6 thoughts on “First public Arch:e5 repository published

  1. Interesante. lo felicito, la verdad segui los pasos que usted indica pero no me sirvio, me decia que hubo fallos en detectar el repo, es decir, ni con Pacman -Syu ni con pacstrap me funciono.
    No se si es la distancia del guion en medio de e5-skel que en mi compu queda muy pegado, pero el error que arroja es que no detecta el repo.
    Alguna idea?

    • Hi, Julio! Sorry for the delay of my reply, but I was busy on the weekend. Also I don’t really understand Spanish (learned some Italian years ago, but that’s unfortunately all I can offer when it comes to Romanic languages!) However it was not too hard to guess what you wrote.
      All the E5 repositories were broken since my last update (for some reason the symlinks to the repo’s db files didn’t get uploaded). I’ve just fixed it. Now pacman (or pacstrap) should be able to access all of them (e5-skel, e5-default, e5-devel, e5-extra, e5-tex, e5-x11, e5-fltk and e5-gtk). And thanks for reporting the problem!

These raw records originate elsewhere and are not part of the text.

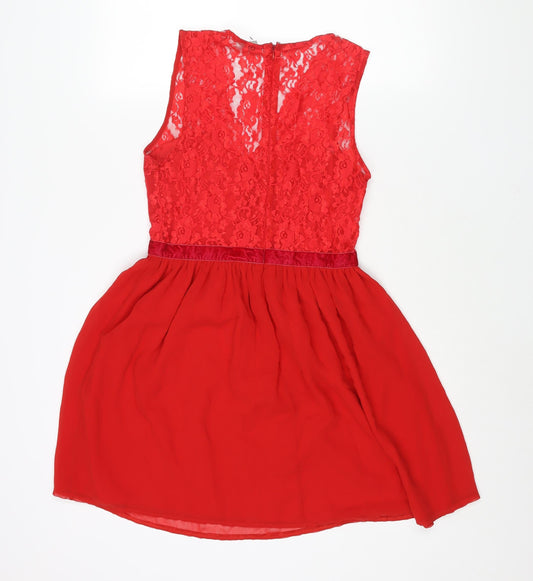 ASOS Womens Red Nylon Fit & Flare Size 10 Round Neck Zip - Lace Bodice Bow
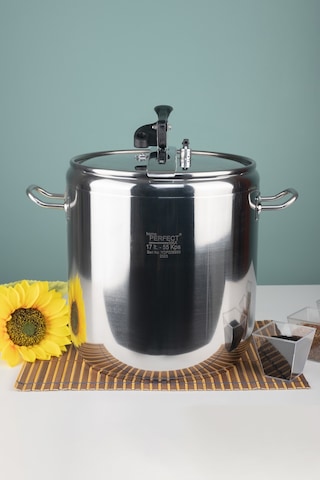 Home Perfect 17 Litre Büyük Boy Düz Düdüklü Tencere Gümüş - Siyah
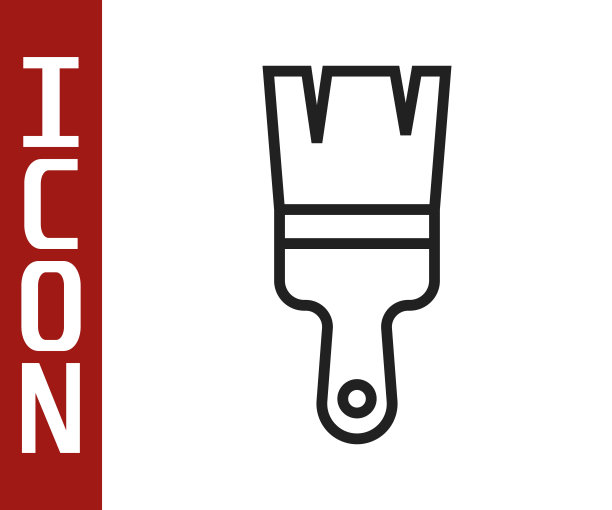 在白色背景上独立的画笔图标。向量图片下载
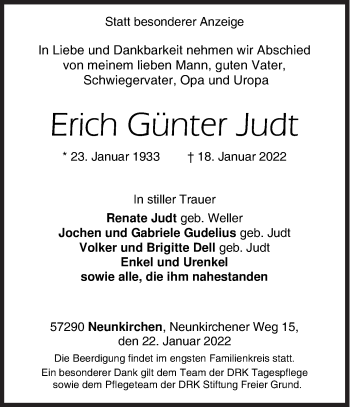 Traueranzeige von Erich Günter Judt von Siegener Zeitung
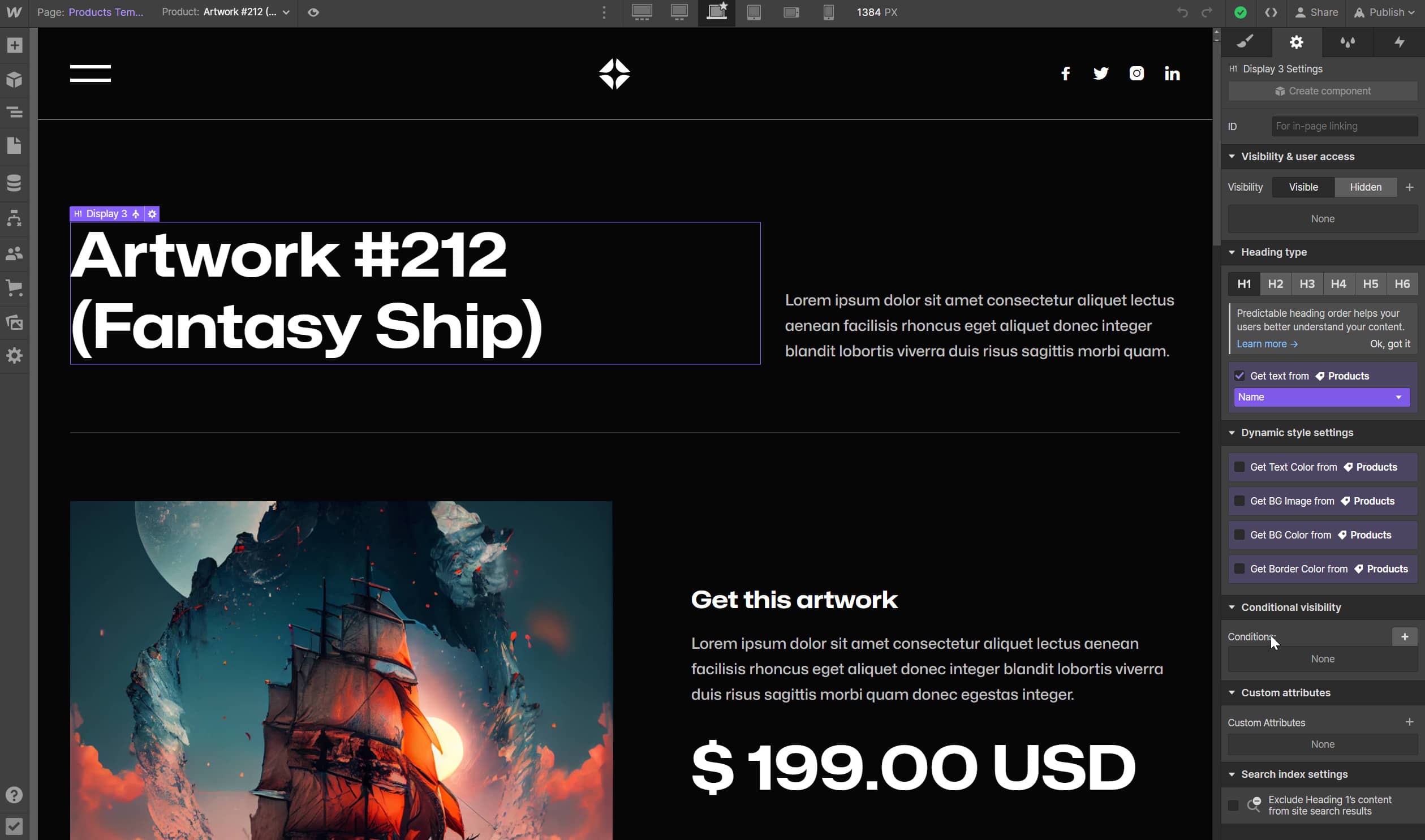 eCommerce Page Content - Illustrator X Webflow Template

      • Ok, I used your repo again, but it failed, some packages can’t be downloaded.

        So that I installed archlinux in the old form.

  2. Hi Julio! Looks like there were a few more things messed up. Even if all the files would have been accessable, the db pointed to a broken kernel that could not boot properly… Now everything should finally be fixed (and I’ll avoid touching these repos again). I’ve installed a base and base-devel system from the repos and everything is working. The pacman package has been updated to include the x11, fltk and gtk repositories, too, and the ede package has been fixed. So for historical purposes, E5 will remain online for a while.

  3. very interesting, i’m working with runit on arch too. Perhaps provide your pkgbuilds on github will be appreciate to known exactly what you are doing. just an idea.

    • Hi, Eric! This is all very old stuff by now – I did this more than 1.5 years ago and never updated the PKGBUILD files. Basically I eliminated systemd stuff from all packages and tried to use clang as the compiler (or dragonegg if clang wouldn’t work).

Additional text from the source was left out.